BEGIN GIVEN DATA

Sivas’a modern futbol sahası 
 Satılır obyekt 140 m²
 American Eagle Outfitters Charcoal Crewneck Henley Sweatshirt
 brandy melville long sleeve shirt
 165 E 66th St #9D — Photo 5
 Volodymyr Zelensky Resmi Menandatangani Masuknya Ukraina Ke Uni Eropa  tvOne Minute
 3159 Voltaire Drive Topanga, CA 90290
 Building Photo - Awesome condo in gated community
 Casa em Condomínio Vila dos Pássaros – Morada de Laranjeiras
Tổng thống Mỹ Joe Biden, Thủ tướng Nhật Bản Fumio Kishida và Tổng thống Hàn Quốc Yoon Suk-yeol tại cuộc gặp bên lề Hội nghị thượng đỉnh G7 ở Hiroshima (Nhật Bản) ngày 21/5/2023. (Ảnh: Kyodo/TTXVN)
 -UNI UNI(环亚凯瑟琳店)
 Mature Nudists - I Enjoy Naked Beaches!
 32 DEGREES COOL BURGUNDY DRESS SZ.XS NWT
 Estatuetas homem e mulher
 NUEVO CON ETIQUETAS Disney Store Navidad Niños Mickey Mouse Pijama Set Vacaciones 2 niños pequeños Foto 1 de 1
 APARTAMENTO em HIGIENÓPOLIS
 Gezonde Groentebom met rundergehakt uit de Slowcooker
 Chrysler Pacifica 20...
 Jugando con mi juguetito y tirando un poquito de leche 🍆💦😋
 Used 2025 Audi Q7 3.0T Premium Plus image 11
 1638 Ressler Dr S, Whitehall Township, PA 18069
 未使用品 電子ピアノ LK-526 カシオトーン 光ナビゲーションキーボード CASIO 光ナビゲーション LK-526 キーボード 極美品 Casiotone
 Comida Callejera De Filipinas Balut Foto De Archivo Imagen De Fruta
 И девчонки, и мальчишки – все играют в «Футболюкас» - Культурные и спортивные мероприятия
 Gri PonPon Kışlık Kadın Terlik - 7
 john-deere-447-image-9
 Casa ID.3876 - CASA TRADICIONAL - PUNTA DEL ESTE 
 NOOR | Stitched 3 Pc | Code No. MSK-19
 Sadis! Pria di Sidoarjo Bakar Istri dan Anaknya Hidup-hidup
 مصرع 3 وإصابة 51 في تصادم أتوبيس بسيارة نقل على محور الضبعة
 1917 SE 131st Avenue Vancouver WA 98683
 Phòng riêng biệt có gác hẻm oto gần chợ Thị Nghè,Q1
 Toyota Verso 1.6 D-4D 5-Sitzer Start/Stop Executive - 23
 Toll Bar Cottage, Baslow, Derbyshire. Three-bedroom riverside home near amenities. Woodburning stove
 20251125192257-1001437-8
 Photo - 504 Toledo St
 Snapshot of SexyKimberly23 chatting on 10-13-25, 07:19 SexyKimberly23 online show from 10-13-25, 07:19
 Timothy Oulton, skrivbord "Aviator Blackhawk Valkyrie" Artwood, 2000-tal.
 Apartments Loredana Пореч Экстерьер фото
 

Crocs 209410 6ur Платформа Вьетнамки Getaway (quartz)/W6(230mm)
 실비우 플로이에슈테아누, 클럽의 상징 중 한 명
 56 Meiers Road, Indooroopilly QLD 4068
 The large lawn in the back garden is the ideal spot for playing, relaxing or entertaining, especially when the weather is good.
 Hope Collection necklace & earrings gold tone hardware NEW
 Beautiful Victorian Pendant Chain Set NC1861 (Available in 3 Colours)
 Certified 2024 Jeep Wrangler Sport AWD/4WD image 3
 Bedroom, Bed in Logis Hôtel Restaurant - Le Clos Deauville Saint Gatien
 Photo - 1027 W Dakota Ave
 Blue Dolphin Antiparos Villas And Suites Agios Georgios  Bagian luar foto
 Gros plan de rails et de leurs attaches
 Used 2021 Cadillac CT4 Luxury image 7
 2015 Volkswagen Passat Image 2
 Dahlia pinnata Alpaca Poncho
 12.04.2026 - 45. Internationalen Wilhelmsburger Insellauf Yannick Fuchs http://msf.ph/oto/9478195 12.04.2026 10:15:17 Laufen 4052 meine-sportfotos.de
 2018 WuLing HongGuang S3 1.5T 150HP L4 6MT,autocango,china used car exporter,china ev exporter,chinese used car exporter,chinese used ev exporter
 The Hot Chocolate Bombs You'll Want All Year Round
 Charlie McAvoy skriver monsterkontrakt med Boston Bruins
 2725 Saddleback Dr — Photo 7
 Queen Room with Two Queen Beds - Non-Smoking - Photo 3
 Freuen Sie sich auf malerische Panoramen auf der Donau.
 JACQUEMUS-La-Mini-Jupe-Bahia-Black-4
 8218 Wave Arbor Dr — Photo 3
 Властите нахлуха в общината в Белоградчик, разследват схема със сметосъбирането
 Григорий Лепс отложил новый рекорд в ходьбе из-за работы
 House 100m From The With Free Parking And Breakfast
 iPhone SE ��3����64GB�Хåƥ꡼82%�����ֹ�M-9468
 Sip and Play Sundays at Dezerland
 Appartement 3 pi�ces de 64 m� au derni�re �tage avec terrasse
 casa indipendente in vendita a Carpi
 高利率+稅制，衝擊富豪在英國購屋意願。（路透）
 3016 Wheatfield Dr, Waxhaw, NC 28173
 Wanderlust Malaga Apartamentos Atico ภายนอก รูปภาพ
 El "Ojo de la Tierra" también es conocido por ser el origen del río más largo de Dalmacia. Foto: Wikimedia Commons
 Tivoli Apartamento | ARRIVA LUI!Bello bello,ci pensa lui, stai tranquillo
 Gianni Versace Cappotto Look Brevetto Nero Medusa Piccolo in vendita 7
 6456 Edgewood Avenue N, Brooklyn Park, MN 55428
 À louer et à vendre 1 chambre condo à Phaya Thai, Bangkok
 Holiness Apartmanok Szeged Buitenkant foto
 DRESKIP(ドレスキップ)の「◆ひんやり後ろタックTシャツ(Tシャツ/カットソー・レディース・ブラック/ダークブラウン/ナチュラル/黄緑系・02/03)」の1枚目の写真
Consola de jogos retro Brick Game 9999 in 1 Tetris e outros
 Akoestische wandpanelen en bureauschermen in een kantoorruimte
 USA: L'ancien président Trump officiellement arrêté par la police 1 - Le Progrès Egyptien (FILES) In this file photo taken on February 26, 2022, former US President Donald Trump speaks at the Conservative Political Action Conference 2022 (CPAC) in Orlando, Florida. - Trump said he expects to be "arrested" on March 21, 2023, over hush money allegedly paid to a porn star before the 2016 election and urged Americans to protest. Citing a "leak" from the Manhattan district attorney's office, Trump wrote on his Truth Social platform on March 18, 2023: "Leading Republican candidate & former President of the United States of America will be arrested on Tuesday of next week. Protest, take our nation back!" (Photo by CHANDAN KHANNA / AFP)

END GIVEN DATA

_EXERCISE_.
Repeat the whole listing, keeping every word exact.

_ANSWER TO THIS EXERCISE_.
Sivas’a modern futbol sahası 
 Satılır obyekt 140 m²
 American Eagle Outfitters Charcoal Crewneck Henley Sweatshirt
 brandy melville long sleeve shirt
 165 E 66th St #9D — Photo 5
 Volodymyr Zelensky Resmi Menandatangani Masuknya Ukraina Ke Uni Eropa  tvOne Minute
 3159 Voltaire Drive Topanga, CA 90290
 Building Photo - Awesome condo in gated community
 Casa em Condomínio Vila dos Pássaros – Morada de Laranjeiras
Tổng thống Mỹ Joe Biden, Thủ tướng Nhật Bản Fumio Kishida và Tổng thống Hàn Quốc Yoon Suk-yeol tại cuộc gặp bên lề Hội nghị thượng đỉnh G7 ở Hiroshima (Nhật Bản) ngày 21/5/2023. (Ảnh: Kyodo/TTXVN)
 -UNI UNI(环亚凯瑟琳店)
 Mature Nudists - I Enjoy Naked Beaches!
 32 DEGREES COOL BURGUNDY DRESS SZ.XS NWT
 Estatuetas homem e mulher
 NUEVO CON ETIQUETAS Disney Store Navidad Niños Mickey Mouse Pijama Set Vacaciones 2 niños pequeños Foto 1 de 1
 APARTAMENTO em HIGIENÓPOLIS
 Gezonde Groentebom met rundergehakt uit de Slowcooker
 Chrysler Pacifica 20...
 Jugando con mi juguetito y tirando un poquito de leche 🍆💦😋
 Used 2025 Audi Q7 3.0T Premium Plus image 11
 1638 Ressler Dr S, Whitehall Township, PA 18069
 未使用品 電子ピアノ LK-526 カシオトーン 光ナビゲーションキーボード CASIO 光ナビゲーション LK-526 キーボード 極美品 Casiotone
 Comida Callejera De Filipinas Balut Foto De Archivo Imagen De Fruta
 И девчонки, и мальчишки – все играют в «Футболюкас» - Культурные и спортивные мероприятия
 Gri PonPon Kışlık Kadın Terlik - 7
 john-deere-447-image-9
 Casa ID.3876 - CASA TRADICIONAL - PUNTA DEL ESTE 
 NOOR | Stitched 3 Pc | Code No. MSK-19
 Sadis! Pria di Sidoarjo Bakar Istri dan Anaknya Hidup-hidup
 مصرع 3 وإصابة 51 في تصادم أتوبيس بسيارة نقل على محور الضبعة
 1917 SE 131st Avenue Vancouver WA 98683
 Phòng riêng biệt có gác hẻm oto gần chợ Thị Nghè,Q1
 Toyota Verso 1.6 D-4D 5-Sitzer Start/Stop Executive - 23
 Toll Bar Cottage, Baslow, Derbyshire. Three-bedroom riverside home near amenities. Woodburning stove
 20251125192257-1001437-8
 Photo - 504 Toledo St
 Snapshot of SexyKimberly23 chatting on 10-13-25, 07:19 SexyKimberly23 online show from 10-13-25, 07:19
 Timothy Oulton, skrivbord "Aviator Blackhawk Valkyrie" Artwood, 2000-tal.
 Apartments Loredana Пореч Экстерьер фото
 

Crocs 209410 6ur Платформа Вьетнамки Getaway (quartz)/W6(230mm)
 실비우 플로이에슈테아누, 클럽의 상징 중 한 명
 56 Meiers Road, Indooroopilly QLD 4068
 The large lawn in the back garden is the ideal spot for playing, relaxing or entertaining, especially when the weather is good.
 Hope Collection necklace & earrings gold tone hardware NEW
 Beautiful Victorian Pendant Chain Set NC1861 (Available in 3 Colours)
 Certified 2024 Jeep Wrangler Sport AWD/4WD image 3
 Bedroom, Bed in Logis Hôtel Restaurant - Le Clos Deauville Saint Gatien
 Photo - 1027 W Dakota Ave
 Blue Dolphin Antiparos Villas And Suites Agios Georgios  Bagian luar foto
 Gros plan de rails et de leurs attaches
 Used 2021 Cadillac CT4 Luxury image 7
 2015 Volkswagen Passat Image 2
 Dahlia pinnata Alpaca Poncho
 12.04.2026 - 45. Internationalen Wilhelmsburger Insellauf Yannick Fuchs http://msf.ph/oto/9478195 12.04.2026 10:15:17 Laufen 4052 meine-sportfotos.de
 2018 WuLing HongGuang S3 1.5T 150HP L4 6MT,autocango,china used car exporter,china ev exporter,chinese used car exporter,chinese used ev exporter
 The Hot Chocolate Bombs You'll Want All Year Round
 Charlie McAvoy skriver monsterkontrakt med Boston Bruins
 2725 Saddleback Dr — Photo 7
 Queen Room with Two Queen Beds - Non-Smoking - Photo 3
 Freuen Sie sich auf malerische Panoramen auf der Donau.
 JACQUEMUS-La-Mini-Jupe-Bahia-Black-4
 8218 Wave Arbor Dr — Photo 3
 Властите нахлуха в общината в Белоградчик, разследват схема със сметосъбирането
 Григорий Лепс отложил новый рекорд в ходьбе из-за работы
 House 100m From The With Free Parking And Breakfast
 iPhone SE ��3����64GB�Хåƥ꡼82%�����ֹ�M-9468
 Sip and Play Sundays at Dezerland
 Appartement 3 pi�ces de 64 m� au derni�re �tage avec terrasse
 casa indipendente in vendita a Carpi
 高利率+稅制，衝擊富豪在英國購屋意願。（路透）
 3016 Wheatfield Dr, Waxhaw, NC 28173
 Wanderlust Malaga Apartamentos Atico ภายนอก รูปภาพ
 El "Ojo de la Tierra" también es conocido por ser el origen del río más largo de Dalmacia. Foto: Wikimedia Commons
 Tivoli Apartamento | ARRIVA LUI!Bello bello,ci pensa lui, stai tranquillo
 Gianni Versace Cappotto Look Brevetto Nero Medusa Piccolo in vendita 7
 6456 Edgewood Avenue N, Brooklyn Park, MN 55428
 À louer et à vendre 1 chambre condo à Phaya Thai, Bangkok
 Holiness Apartmanok Szeged Buitenkant foto
 DRESKIP(ドレスキップ)の「◆ひんやり後ろタックTシャツ(Tシャツ/カットソー・レディース・ブラック/ダークブラウン/ナチュラル/黄緑系・02/03)」の1枚目の写真
Consola de jogos retro Brick Game 9999 in 1 Tetris e outros
 Akoestische wandpanelen en bureauschermen in een kantoorruimte
 USA: L'ancien président Trump officiellement arrêté par la police 1 - Le Progrès Egyptien (FILES) In this file photo taken on February 26, 2022, former US President Donald Trump speaks at the Conservative Political Action Conference 2022 (CPAC) in Orlando, Florida. - Trump said he expects to be "arrested" on March 21, 2023, over hush money allegedly paid to a porn star before the 2016 election and urged Americans to protest. Citing a "leak" from the Manhattan district attorney's office, Trump wrote on his Truth Social platform on March 18, 2023: "Leading Republican candidate & former President of the United States of America will be arrested on Tuesday of next week. Protest, take our nation back!" (Photo by CHANDAN KHANNA / AFP)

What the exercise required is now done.